When the topic of 90’s Hardcore arises, one image always instantly springs to mind: a pair of wild-eyed young ravers clad in chemical suits and dust masks - an outfit that can now be considered synonymous with reese basslines, jangling house pianos and double-time breakbeats (or DIY I suppose). Beneath the masks the pair are Mark Archer and Chris Peat - a duo who shot rave music into the charts with a slew of pun-titled tracks like ‘Activ-8’, ‘E-vapor-8’ or ‘Brutal-8-E’.
Over twenty years on and despite having parted ways with Chris Peat, Archer in still flying the Hardcore flag, gigging across the UK and beyond. With one of these performances being held in March at this year’s Bloc Festival, we thought it’d be fitting to invite Archer to contribute to our ‘That Time When’ series, revisiting five of his standout rave memories.
##1 Stoke On Trent_1991##
As much as it is documented that we ‘just turned up’ in a lorry and started playing at Shelley’s Car Park in Longton, there was a lot more thought behind it - well, at least a little bit. Shelley’s was a club that I went to most weekends if we weren’t doing a P.A anywhere, the promoter of the night was Amnesia house from Coventry who also did nights at the eclipse.
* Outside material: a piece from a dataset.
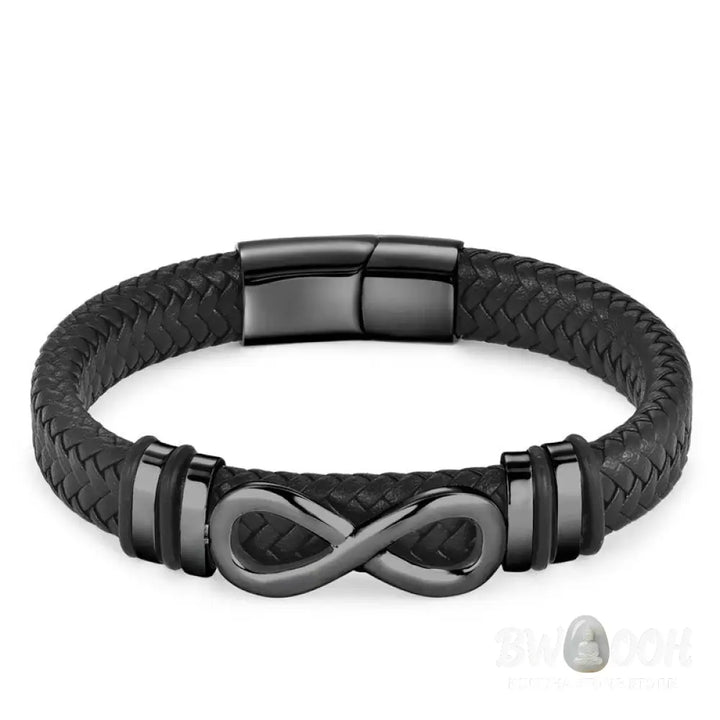 Buddha Stones Endless Knot Design Titanium Steel Strengthen Braided Leather Buckle Bracelet - BWOOOH - Bracelet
I’d noticed that once the night was over, most of the ravers would stand around in the car park, doors open on their cars with rave tapes blaring out. We had played at Shelley’s a few times already as Altern8 and as Nexus 21 and had promo’d Activ-8 off a dub plate there to see if the track worked, so we thought that doing a free P.A. in the car park would get some great footage for the video, as well as giving the ravers something to dance to.
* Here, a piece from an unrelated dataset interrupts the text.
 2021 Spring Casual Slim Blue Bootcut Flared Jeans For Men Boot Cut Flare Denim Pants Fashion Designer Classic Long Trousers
3am, as everyone was coming out of the club, we pulled back the side of the lorry curtain and started playing to the crowd that had gathered in front. We had let word slip that something might happen so there were more people outside the club than usual and people had travelled from as far as Wales and Scotland! People were dancing on top of cars and the car park was literally rammed with people all going mad, not something I’m going to forget in a hurry.
##2 Coventry_1991##
The first ever Altern 8 P.A. - Eclipse, was pretty chaotic as gigs go. There was a bit of a stage invasion at the end by crowd members who were completely spangled, and didn’t even realise there was a P.A. going on, but this was the gig that brought about the Altern 8 image (we had played at the eclipse a few month previous as Nexus 21 and wanted to look different).
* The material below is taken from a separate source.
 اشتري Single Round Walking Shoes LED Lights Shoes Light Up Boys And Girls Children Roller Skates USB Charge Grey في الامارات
With Infiltrate 202 doing the rounds on promo, the reaction was brilliant and we had the whole video for Infiltrate recorded that night, complete with a girl dancing between us not even aware we were playing live. Even bumped into the Homeboy from A Homeboy a Hippy and a funky dred on the way out - top night.
##3 Bloc_2009##
Very daunting this one was, I was playing a DJ set following Skream & Benga and they tore the place a new one, with Skream totally mullered and stopping every tune he dropped within a minute. The crowd was going absolutely mental and to follow this had me wondering if the oldskool was going to cut it (I’d also had my slot moved forward so anyone planning to head to the room for the advertised time would miss it), but by a few tunes into the set I’d got no cause for worry. Hands were going up for every tune, crowd knew the words to all the vocal tracks and the total sing along to Prodigy’s ‘out of space’ at the end just blew me away, so buzzed up I left my headphones by the decks (a small price to pay for such as great memory).
##4 Birmingham_1991##
City Of Music celebration, Centenary Square, N.Y.E. Having a gig booked by Birmingham City Council didn’t really fill me full of confidence with this one, but we had a gig later on that night at Wigan Pier so knew we’d at least have one good gig to bring in the new year. I got a call from my dad a few hours before we set off to say that something was on the local news about Centenary square in Birmingham - where we were playing there was already reported to be around 40,000 people there…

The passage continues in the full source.